§ Assignment
Restrict the output to the lines below starting at the one that contains "Шнек для грунта" and ending at the one that contains "imageMario Badescu Coconut", and restate them word for word, both ends included.
★ ★ ★ ★ ★
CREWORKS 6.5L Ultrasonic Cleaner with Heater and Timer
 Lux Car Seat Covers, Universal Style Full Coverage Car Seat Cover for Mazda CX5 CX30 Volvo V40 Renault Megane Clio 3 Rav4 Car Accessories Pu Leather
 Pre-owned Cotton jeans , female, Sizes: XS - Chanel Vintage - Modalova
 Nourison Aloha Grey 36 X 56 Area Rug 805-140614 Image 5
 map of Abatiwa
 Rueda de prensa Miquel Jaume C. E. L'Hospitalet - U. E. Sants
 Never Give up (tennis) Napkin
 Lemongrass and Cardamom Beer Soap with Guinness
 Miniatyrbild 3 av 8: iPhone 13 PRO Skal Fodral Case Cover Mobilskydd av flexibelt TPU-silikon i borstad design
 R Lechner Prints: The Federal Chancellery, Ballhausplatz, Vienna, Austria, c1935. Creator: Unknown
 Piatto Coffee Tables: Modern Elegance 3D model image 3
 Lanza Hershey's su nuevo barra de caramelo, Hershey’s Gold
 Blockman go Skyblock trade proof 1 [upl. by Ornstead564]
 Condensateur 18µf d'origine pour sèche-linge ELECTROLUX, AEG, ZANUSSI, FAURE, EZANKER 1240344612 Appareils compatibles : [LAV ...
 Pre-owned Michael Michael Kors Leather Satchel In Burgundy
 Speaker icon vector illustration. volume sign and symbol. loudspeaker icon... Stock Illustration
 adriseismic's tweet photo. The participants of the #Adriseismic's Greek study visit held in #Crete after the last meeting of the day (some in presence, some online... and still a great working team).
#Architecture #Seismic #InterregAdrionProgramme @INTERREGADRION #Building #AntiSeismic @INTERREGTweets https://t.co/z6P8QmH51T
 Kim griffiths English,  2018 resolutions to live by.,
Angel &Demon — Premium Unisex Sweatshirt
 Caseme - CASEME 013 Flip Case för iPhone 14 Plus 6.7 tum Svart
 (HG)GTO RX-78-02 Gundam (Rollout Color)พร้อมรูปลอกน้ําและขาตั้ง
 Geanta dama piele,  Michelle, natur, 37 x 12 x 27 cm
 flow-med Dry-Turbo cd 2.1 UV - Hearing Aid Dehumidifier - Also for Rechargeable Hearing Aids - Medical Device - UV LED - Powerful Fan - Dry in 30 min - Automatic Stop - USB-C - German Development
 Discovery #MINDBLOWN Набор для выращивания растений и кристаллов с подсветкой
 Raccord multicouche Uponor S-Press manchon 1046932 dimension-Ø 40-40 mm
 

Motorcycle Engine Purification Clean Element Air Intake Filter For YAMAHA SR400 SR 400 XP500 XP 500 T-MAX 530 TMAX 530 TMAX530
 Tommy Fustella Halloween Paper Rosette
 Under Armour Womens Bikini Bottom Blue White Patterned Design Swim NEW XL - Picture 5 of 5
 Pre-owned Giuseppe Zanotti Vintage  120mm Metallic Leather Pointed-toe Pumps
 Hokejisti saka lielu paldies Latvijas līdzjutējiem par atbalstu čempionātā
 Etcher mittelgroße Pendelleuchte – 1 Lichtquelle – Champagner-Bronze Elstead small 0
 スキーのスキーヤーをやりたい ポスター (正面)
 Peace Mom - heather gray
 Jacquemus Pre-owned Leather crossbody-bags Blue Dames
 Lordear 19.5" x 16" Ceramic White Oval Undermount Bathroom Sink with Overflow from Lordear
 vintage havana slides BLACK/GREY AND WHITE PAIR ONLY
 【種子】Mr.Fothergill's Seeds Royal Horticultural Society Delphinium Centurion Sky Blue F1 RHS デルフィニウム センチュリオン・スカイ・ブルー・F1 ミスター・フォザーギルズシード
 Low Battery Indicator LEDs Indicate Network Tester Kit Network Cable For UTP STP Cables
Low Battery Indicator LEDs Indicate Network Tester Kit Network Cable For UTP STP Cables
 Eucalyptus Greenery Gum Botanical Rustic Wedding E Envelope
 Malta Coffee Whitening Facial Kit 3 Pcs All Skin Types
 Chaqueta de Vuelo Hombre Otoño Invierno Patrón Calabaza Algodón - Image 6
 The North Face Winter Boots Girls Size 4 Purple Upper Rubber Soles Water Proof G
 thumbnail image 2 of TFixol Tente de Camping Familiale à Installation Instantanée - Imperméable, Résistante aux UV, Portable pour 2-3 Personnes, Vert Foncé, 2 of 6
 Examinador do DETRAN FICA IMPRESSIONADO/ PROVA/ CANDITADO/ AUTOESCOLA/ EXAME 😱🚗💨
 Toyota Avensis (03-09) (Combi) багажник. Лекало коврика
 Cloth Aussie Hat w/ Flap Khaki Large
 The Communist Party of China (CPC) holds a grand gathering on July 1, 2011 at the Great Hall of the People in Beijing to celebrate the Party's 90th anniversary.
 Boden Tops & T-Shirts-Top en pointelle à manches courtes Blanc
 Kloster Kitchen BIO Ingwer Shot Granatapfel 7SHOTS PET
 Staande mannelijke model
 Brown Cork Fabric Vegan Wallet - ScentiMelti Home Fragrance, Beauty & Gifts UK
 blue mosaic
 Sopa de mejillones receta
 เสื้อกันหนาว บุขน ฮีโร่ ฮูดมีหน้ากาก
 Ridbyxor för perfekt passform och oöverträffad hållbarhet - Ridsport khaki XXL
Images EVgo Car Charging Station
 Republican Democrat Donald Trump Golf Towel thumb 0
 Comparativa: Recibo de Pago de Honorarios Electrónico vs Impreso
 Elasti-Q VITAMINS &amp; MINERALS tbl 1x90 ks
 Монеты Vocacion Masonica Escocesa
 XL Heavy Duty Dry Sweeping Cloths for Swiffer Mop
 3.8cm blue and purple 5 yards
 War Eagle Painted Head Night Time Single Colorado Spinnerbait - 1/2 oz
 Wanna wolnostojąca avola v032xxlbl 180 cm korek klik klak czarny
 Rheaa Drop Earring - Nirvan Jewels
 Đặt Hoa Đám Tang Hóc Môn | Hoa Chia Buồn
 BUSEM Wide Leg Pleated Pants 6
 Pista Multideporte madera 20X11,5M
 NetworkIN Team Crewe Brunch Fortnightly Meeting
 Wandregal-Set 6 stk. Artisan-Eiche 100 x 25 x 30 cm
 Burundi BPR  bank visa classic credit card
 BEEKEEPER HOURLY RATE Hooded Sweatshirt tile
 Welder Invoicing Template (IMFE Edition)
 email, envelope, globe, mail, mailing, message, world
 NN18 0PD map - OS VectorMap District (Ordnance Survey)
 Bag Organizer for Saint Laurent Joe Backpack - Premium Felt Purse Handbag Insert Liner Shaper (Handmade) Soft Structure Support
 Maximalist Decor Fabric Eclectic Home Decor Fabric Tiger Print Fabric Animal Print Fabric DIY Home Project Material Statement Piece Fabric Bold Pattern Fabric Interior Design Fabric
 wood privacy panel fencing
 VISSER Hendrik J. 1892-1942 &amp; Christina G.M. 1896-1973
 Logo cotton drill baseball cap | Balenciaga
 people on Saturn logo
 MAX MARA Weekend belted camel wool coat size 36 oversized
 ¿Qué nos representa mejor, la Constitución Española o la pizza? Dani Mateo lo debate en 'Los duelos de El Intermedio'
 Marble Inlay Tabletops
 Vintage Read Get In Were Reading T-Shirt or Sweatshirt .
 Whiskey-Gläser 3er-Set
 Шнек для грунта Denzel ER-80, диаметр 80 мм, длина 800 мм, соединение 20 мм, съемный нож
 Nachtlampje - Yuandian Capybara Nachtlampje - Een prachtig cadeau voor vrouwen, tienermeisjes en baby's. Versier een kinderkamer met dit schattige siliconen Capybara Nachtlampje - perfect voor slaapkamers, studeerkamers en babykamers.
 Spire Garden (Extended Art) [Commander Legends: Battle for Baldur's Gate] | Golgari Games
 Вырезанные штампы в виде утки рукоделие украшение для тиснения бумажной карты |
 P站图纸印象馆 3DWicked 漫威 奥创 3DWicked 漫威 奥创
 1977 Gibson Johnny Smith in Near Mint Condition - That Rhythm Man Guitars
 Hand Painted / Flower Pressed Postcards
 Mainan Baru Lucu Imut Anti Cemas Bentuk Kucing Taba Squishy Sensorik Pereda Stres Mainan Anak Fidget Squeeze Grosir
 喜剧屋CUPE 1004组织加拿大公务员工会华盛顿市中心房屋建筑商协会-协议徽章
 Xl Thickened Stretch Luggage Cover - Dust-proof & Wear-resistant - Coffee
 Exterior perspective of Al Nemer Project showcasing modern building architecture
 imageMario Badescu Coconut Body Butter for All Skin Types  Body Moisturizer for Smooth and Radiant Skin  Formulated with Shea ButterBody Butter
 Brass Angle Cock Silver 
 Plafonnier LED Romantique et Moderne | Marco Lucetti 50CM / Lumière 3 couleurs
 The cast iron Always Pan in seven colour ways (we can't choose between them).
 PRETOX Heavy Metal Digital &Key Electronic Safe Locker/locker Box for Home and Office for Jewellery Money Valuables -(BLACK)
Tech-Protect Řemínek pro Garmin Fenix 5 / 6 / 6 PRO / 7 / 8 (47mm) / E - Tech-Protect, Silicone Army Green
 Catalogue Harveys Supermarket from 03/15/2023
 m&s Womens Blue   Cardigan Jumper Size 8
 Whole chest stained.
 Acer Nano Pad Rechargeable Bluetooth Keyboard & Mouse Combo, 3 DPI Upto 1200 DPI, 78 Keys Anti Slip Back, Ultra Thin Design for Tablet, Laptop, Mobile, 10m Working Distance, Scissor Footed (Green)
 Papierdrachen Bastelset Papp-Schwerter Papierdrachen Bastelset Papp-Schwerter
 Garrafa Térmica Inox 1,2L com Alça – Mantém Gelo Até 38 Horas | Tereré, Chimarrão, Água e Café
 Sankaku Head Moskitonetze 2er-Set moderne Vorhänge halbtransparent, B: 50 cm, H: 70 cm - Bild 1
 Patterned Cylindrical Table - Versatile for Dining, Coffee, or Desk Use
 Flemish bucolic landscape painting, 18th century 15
★ ★ ★ ★ ★
§ Answer box
 Шнек для грунта Denzel ER-80, диаметр 80 мм, длина 800 мм, соединение 20 мм, съемный нож
 Nachtlampje - Yuandian Capybara Nachtlampje - Een prachtig cadeau voor vrouwen, tienermeisjes en baby's. Versier een kinderkamer met dit schattige siliconen Capybara Nachtlampje - perfect voor slaapkamers, studeerkamers en babykamers.
 Spire Garden (Extended Art) [Commander Legends: Battle for Baldur's Gate] | Golgari Games
 Вырезанные штампы в виде утки рукоделие украшение для тиснения бумажной карты |
 P站图纸印象馆 3DWicked 漫威 奥创 3DWicked 漫威 奥创
 1977 Gibson Johnny Smith in Near Mint Condition - That Rhythm Man Guitars
 Hand Painted / Flower Pressed Postcards
 Mainan Baru Lucu Imut Anti Cemas Bentuk Kucing Taba Squishy Sensorik Pereda Stres Mainan Anak Fidget Squeeze Grosir
 喜剧屋CUPE 1004组织加拿大公务员工会华盛顿市中心房屋建筑商协会-协议徽章
 Xl Thickened Stretch Luggage Cover - Dust-proof & Wear-resistant - Coffee
 Exterior perspective of Al Nemer Project showcasing modern building architecture
 imageMario Badescu Coconut Body Butter for All Skin Types  Body Moisturizer for Smooth and Radiant Skin  Formulated with Shea ButterBody Butter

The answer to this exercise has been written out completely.